Sermon Series: The Holy Spirit

September 1st, 2011

4 Week Series

Week 1: Suddenly!

Acts 2:1-2

It had been a difficult eight months: a change in leadership of the ministry where I work, a move to a new home, a son leaving home for college, the loss of two staff members, and the hiring of two new ones to replace them. Needless to say, a lot of changes took place, and in the midst of all these changes was me. I became overwhelmed with all that was being asked of me. I began to focus on the demands of such change and began to feel out of control. I became the focus. After it all transpired, I was exhausted, struggling, self-centered, and hurt. Although the changes were good ones, I was not coping well with so much so fast. During the week of Martin Luther King, Jr.’s birthday my staff and I decided to challenge our students in a worship service to commit themselves to using their God-given gifts to strengthen our community. Our community had been struggling with some issues and in this service we wanted to confront our students with that reality. We wanted to challenge them to do something like King and like others who had strengthened their communities. We opened the altar at the end of the service and invited students forward to make those decisions, to talk with staff if they needed to, and to come to the altar to pray. The response from our students was powerful. They began to pour out of the pews. You could sense that life-giving gift of God’s spirit present and working its powerful way with the hearts of our community. You could see it, sense it, feel it, know it, and behold its movement among our staff and students.

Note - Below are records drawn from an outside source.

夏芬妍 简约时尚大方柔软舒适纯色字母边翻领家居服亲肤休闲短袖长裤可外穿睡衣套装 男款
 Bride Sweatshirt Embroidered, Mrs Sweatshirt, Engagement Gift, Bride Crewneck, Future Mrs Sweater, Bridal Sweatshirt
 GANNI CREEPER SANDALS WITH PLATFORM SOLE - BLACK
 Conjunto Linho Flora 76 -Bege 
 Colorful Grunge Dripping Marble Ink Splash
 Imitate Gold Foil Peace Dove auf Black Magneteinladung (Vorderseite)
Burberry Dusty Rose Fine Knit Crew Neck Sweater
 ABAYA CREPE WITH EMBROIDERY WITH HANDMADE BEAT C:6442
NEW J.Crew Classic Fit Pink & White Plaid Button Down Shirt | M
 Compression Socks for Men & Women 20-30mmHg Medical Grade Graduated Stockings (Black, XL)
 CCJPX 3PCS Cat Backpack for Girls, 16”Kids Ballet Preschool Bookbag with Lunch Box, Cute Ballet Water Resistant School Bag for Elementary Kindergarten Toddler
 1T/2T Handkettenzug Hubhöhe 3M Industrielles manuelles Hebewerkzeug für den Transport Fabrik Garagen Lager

The scripture tells us that as they were all together in one place “suddenly from heaven there came a sound like the rush of a violent wind, and it filled the entire house where they were sitting.” I like that word, suddenly. It identifies so well how the gift of God’s spirit comes to us— suddenly. Without warning, without time to prepare, without a plan, without any sense of when it is going to come or what it is going to do, suddenly the spirit just comes. Isn’t that just like this God of mystery? Isn’t that just like this God who comes in his own time, in his own way, and in his own place of choice? This powerful story lets us know right from the beginning that the community of faith, the church, has everything to do with God and little to do with us. The church’s birth narrative seeks to be clear on one point: we know not the time or the place or the way in which God seeks to move and work.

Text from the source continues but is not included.